Early Career
At this stage, you're writing code that works—and that's a real accomplishment. Your focus is on making things function, often leaning on examples or patterns you've seen before. You may not yet know what "good" code looks like, but you're starting to build that awareness through feedback and observation.
It's normal to prioritize getting something working over making it clean. The key is developing habits that help you improve consistency, readability, and structure with each pull request you submit.
What This Looks Like
Engineers at this stage write functional code that accomplishes its purpose. You follow team conventions when reminded or reviewed, and you may rely heavily on copy-paste from similar examples—which is a reasonable way to learn. You're starting to understand formatting and basic readability, though meaningful variable names might appear inconsistently. You're beginning to see the difference between code that merely works and code that others can understand.
The common struggles at this stage are natural parts of learning. Your code may be hard to read, duplicate logic unnecessarily, or miss opportunities for reuse. You might lack consistent formatting or structure, and you may not yet recognize performance or security implications of your choices. The phrase "clean code" might feel abstract—you're still learning what it means in context.
The Shift
The fundamental shift at this stage moves from "Does it work?" to "Will someone else understand and maintain this?" This doesn't mean you stop caring about functionality—it means you start thinking about the reader. A piece of code might execute perfectly and still be a burden to maintain if no one can figure out what it does or why.
You'll know the shift is taking hold when you write code that works and passes basic review, when you make use of existing examples or conventions rather than inventing your own, and when you show genuine curiosity about how to improve your style and structure. Responding to feedback and improving code accordingly becomes second nature.
How to Grow
Start by asking yourself key questions before and after writing code. Would this make sense to someone seeing it for the first time? Is there a simpler, cleaner way to write this? Am I following team standards or just doing what worked before? These questions won't always have clear answers, but asking them reshapes your approach.
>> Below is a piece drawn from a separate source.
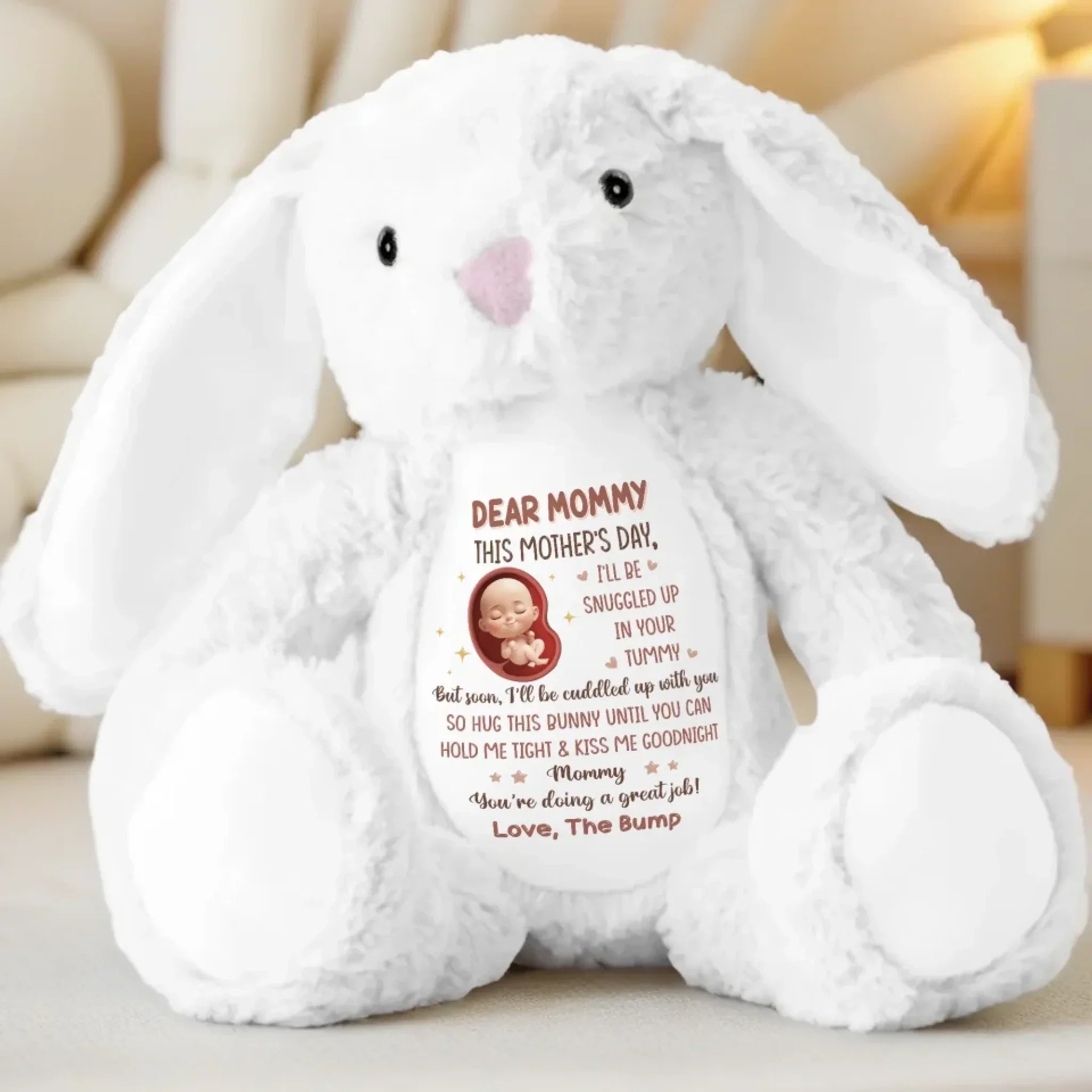 Just A Little Bump Full Of Big Love - Family Personalized Custom Easter Bunny Plush - Mother's Day, Baby Shower Gift, Gift For First Mom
Build practical habits around quality. Use the linter and formatter consistently—they catch issues you'll otherwise miss. Read pull requests from others to see different approaches and learn what makes code readable. Rename things when they're unclear, even if it feels pedantic. When a review suggests a new pattern, ask questions to understand the reasoning. Consider rewriting something you wrote last month just to see how your thinking has evolved.
You'll know you're ready to move to the next stage when you see fewer formatting or naming issues in code reviews, when you show more awareness of maintainability in your pull requests, and when you've developed genuine curiosity about structure, reuse, and idiomatic patterns.
At this stage, writing working code is the priority—and that's a solid foundation. As you build confidence, you start to notice how code quality makes everything smoother.